On the heels of the Kress v. United States gift tax case, in which a federal district court affirmed the practice of tax affecting pass-through entities (PTEs) for valuation purposes, the U.S. Tax Court recently accepted a taxpayer’s tax-affected valuation in the case of Estate of Jones v. Commissioner.
This new case represents a big win for taxpayers—and for valuation analysts who have been seeking acknowledgment of the validity of tax affecting S corps, limited partnerships, and other PTEs.
As part of his estate plan, Aaron Jones gifted his daughters shares in two closely related companies. The IRS challenged the valuation of one of the companies—SJTC—and notified Jones that he owed nearly $45 million in gift tax.
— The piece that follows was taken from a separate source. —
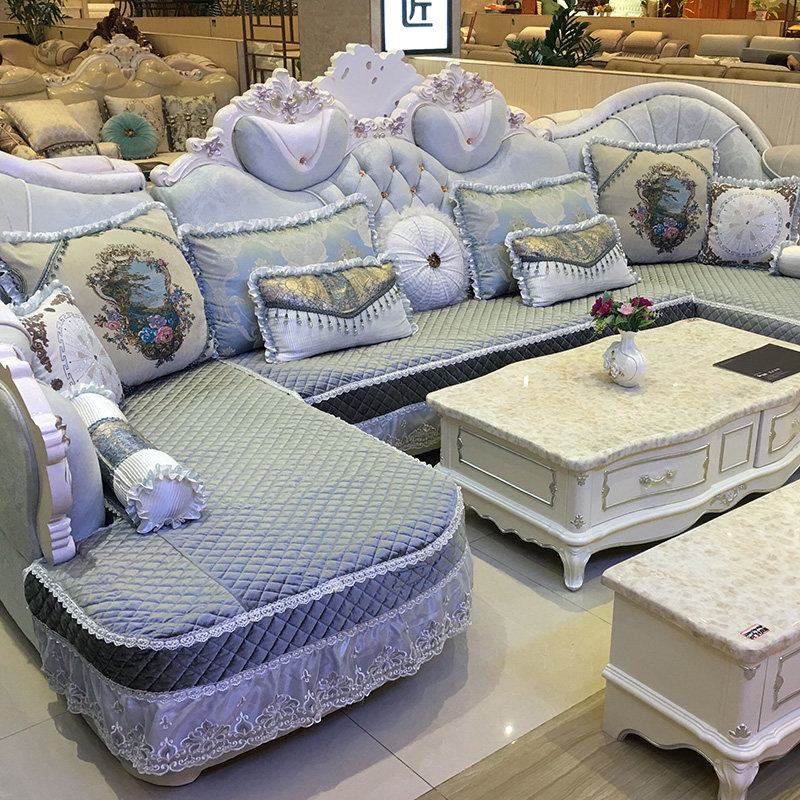 欧式沙发垫 全包万能四季通用定做U型毛绒坐垫套防滑布艺沙发套罩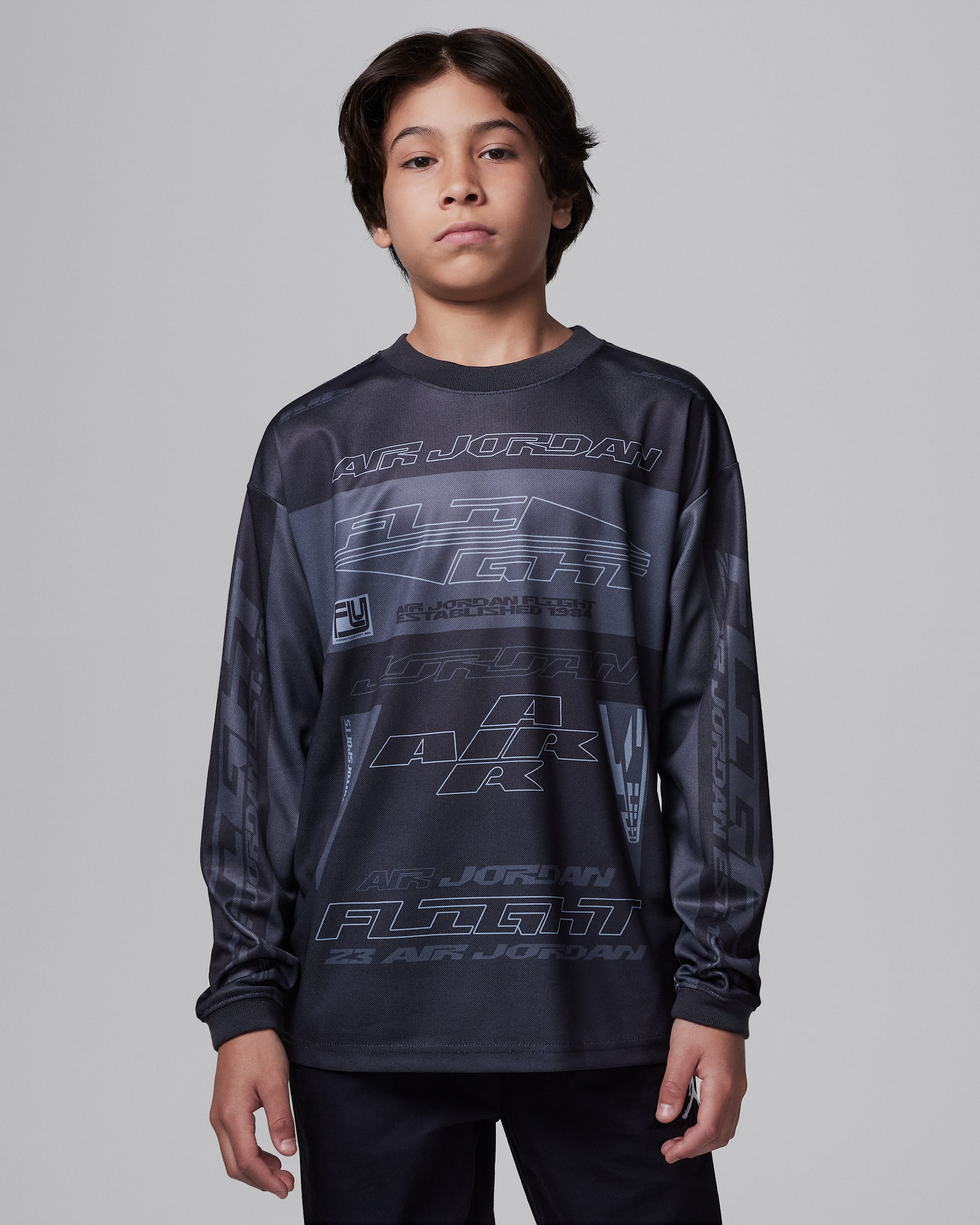 T-shirt manches longues en jersey Dri-FIT Motorsports Jordan MVP pour ado - Noir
Interestingly, the tax-affecting piece of the case didn’t focus on tax-affecting per se but on how to tax affect. The court noted that both the IRS and Jones recognized that a hypothetical buyer and seller would indeed consider the tax consequences of SJTC’s limited partnership form but disagreed about how to do so.
The IRS argued that tax affecting was improper where SJTC had no tax liability on the entity level and unfairly favored a hypothetical buyer over a seller. The estate argued that a zero tax rate on the entity inflated the value of SJTC, and a hypothetical buyer would recognize that partners would have to pay income tax at ordinary levels whether or not SJTC made cash distributions.
The court noted that Gross, the widely cited case that disallowed tax affecting, involved a different situation than Jones and accepted the family expert’s tax-affected valuation. The court said that the expert’s “tax-affecting might not be exact, but it is more convincing and complete” than the IRS’s position.
Valuation analysts will no doubt study Jones for further insight into this issue.